Start of Block
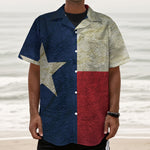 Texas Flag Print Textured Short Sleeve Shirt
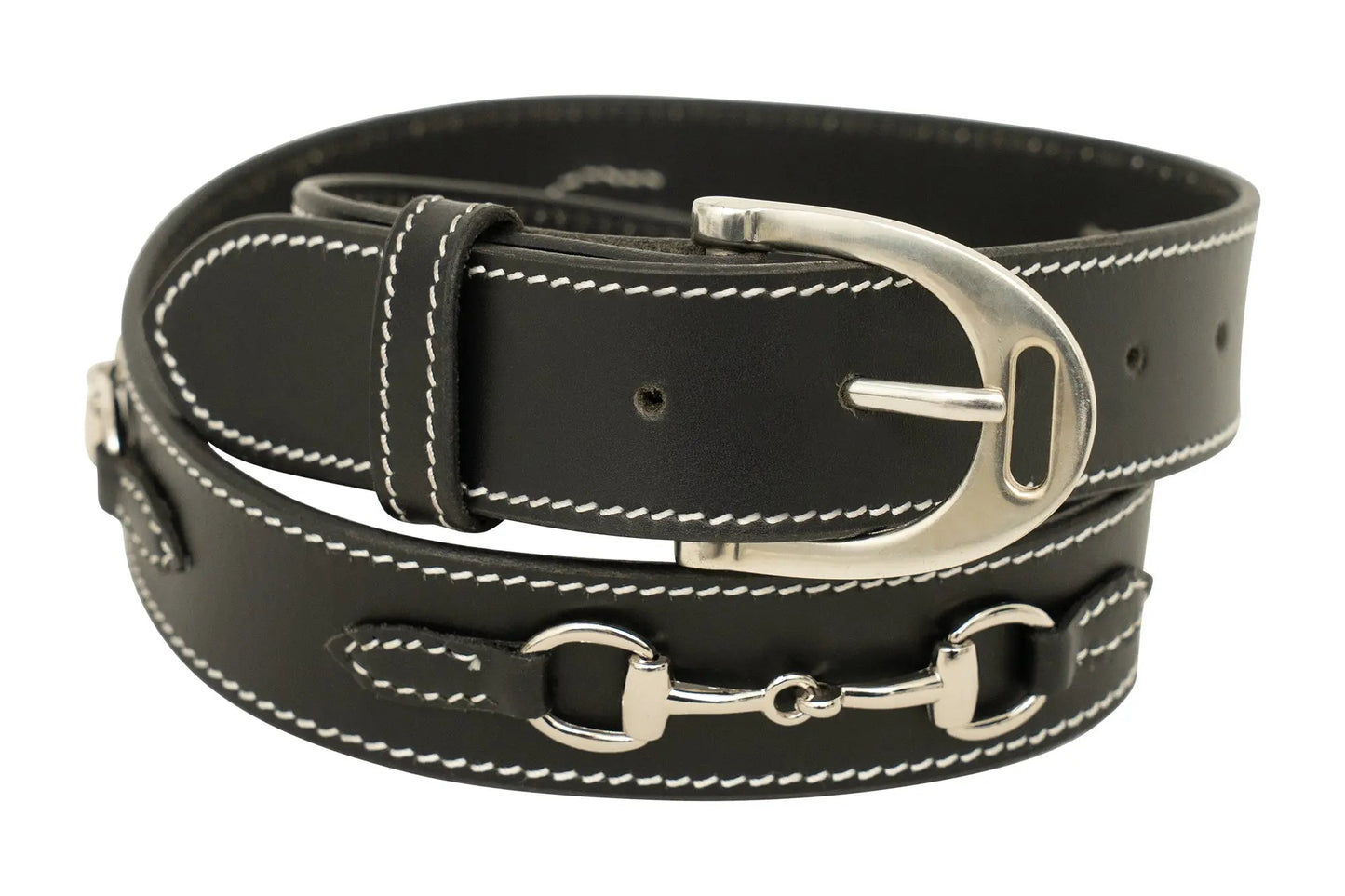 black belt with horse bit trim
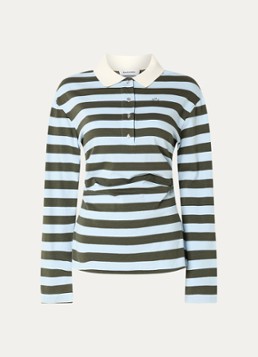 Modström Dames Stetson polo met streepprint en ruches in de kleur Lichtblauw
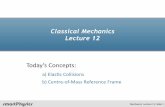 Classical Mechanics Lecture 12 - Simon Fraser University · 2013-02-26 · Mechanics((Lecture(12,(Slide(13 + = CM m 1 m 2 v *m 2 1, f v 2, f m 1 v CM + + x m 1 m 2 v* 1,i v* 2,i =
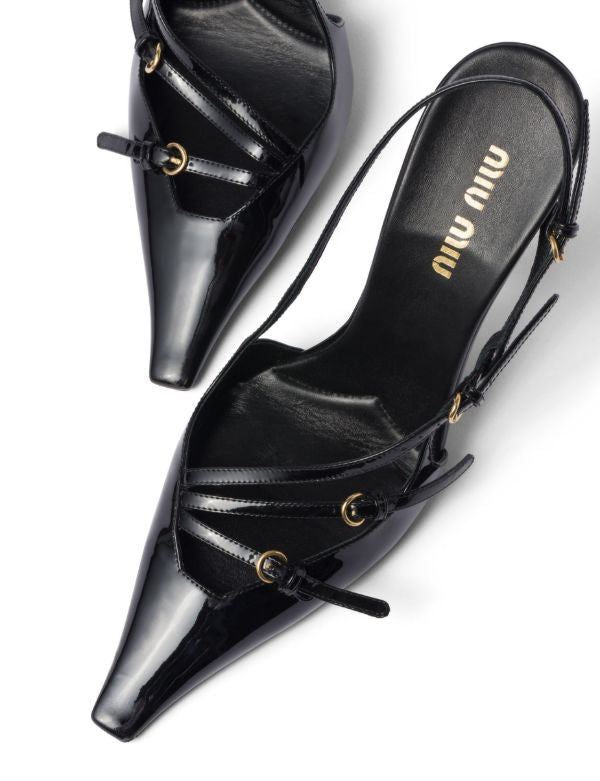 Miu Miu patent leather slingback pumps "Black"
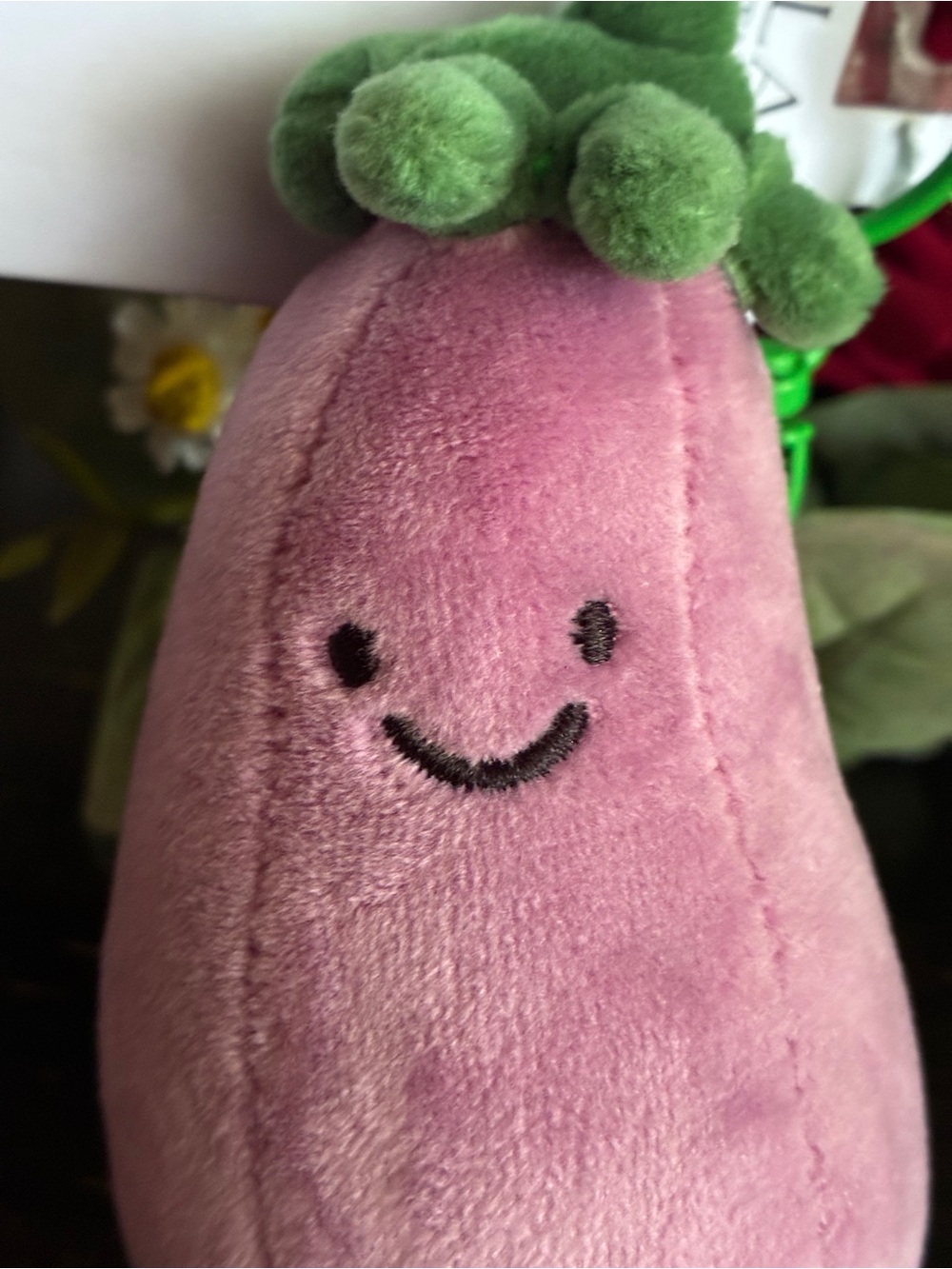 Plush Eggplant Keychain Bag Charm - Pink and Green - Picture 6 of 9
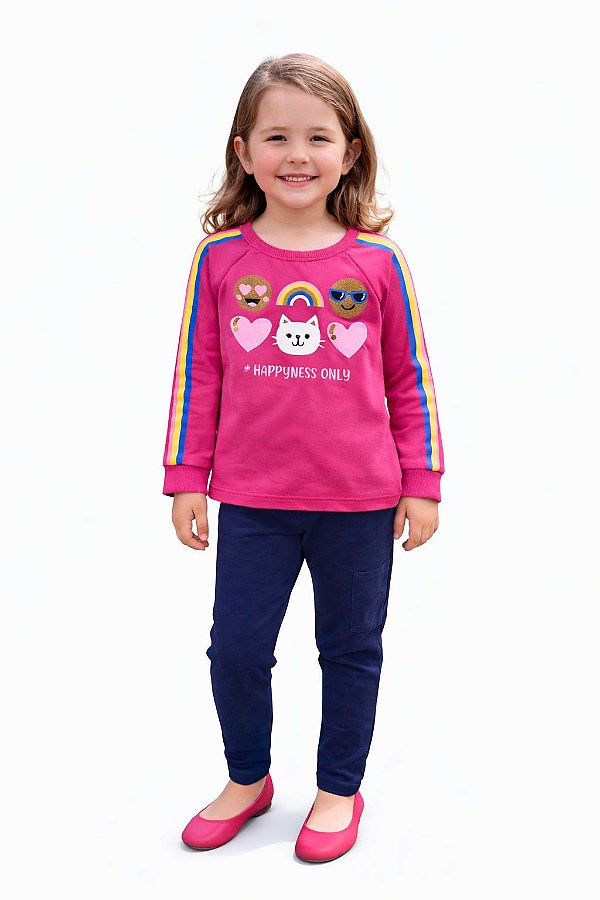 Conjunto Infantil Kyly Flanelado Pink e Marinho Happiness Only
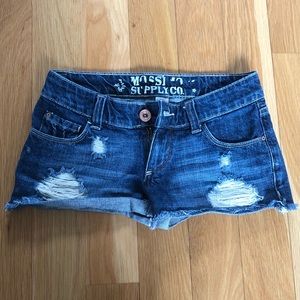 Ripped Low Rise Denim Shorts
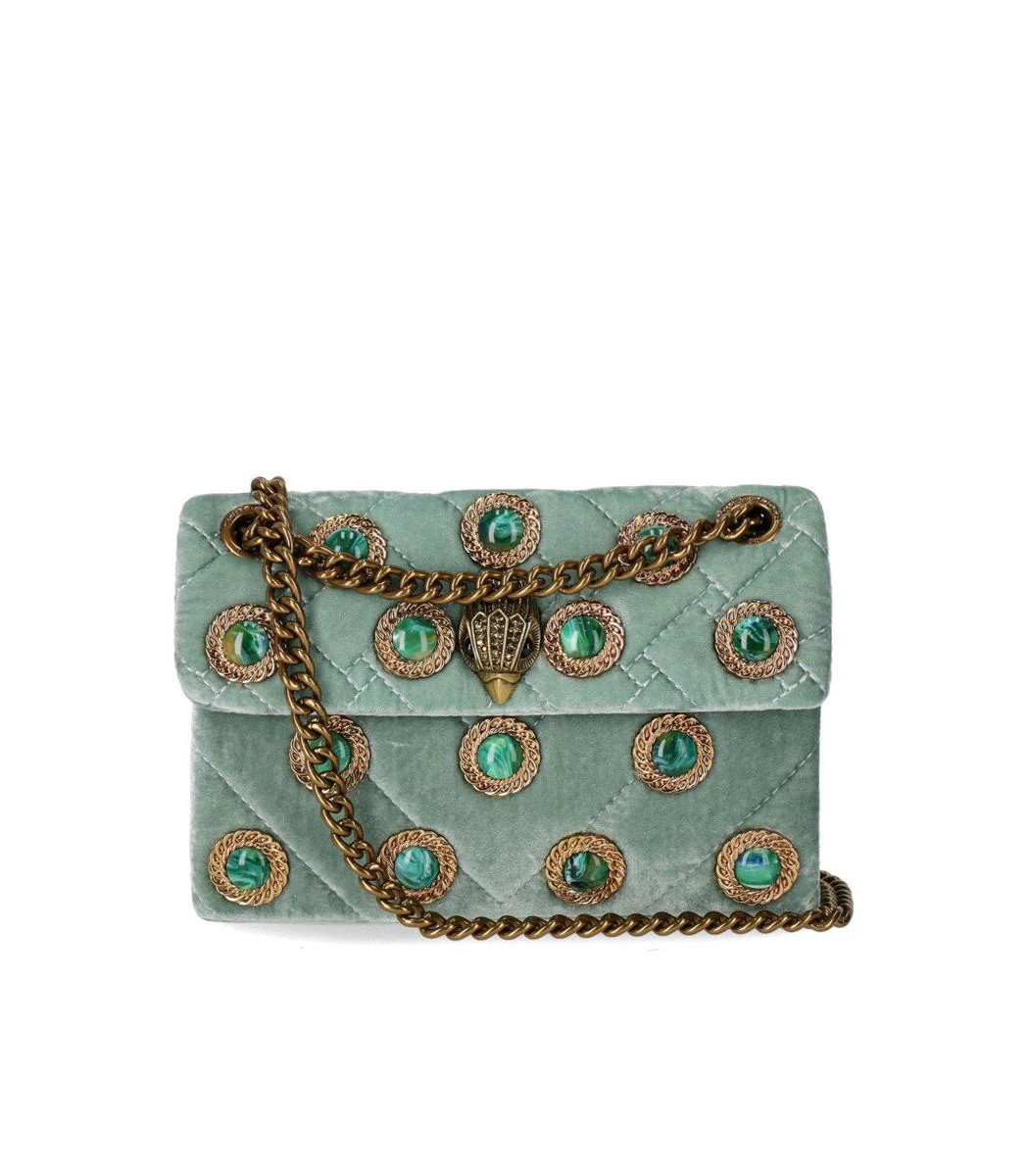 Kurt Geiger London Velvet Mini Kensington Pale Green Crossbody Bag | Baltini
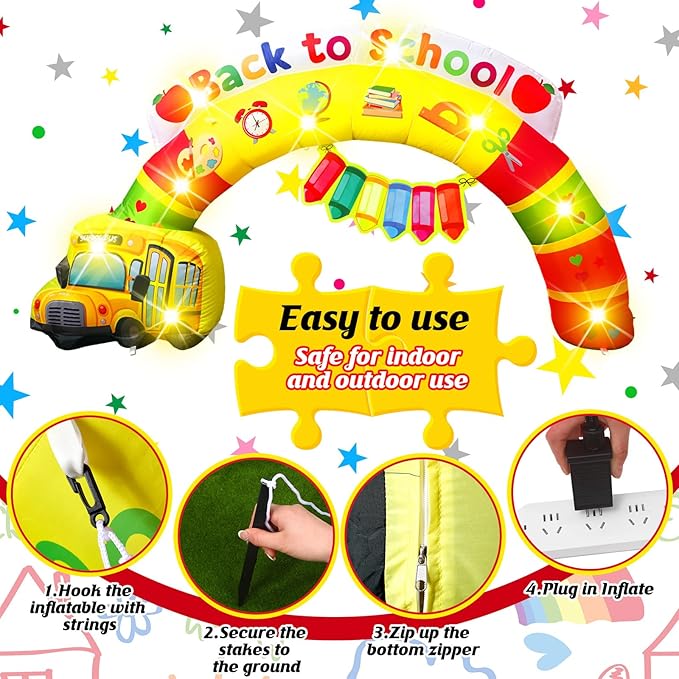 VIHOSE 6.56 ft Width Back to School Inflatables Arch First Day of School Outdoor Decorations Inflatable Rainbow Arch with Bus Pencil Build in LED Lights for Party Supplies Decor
End of Block
_What you are asked to do:_
Please return the lines from the line with "Ripped Low Rise Denim Shorts" through the last line of the data, both included, exactly, and without pictures.

_Problem solution:_
 Ripped Low Rise Denim Shorts
 Kurt Geiger London Velvet Mini Kensington Pale Green Crossbody Bag | Baltini
 VIHOSE 6.56 ft Width Back to School Inflatables Arch First Day of School Outdoor Decorations Inflatable Rainbow Arch with Bus Pencil Build in LED Lights for Party Supplies Decor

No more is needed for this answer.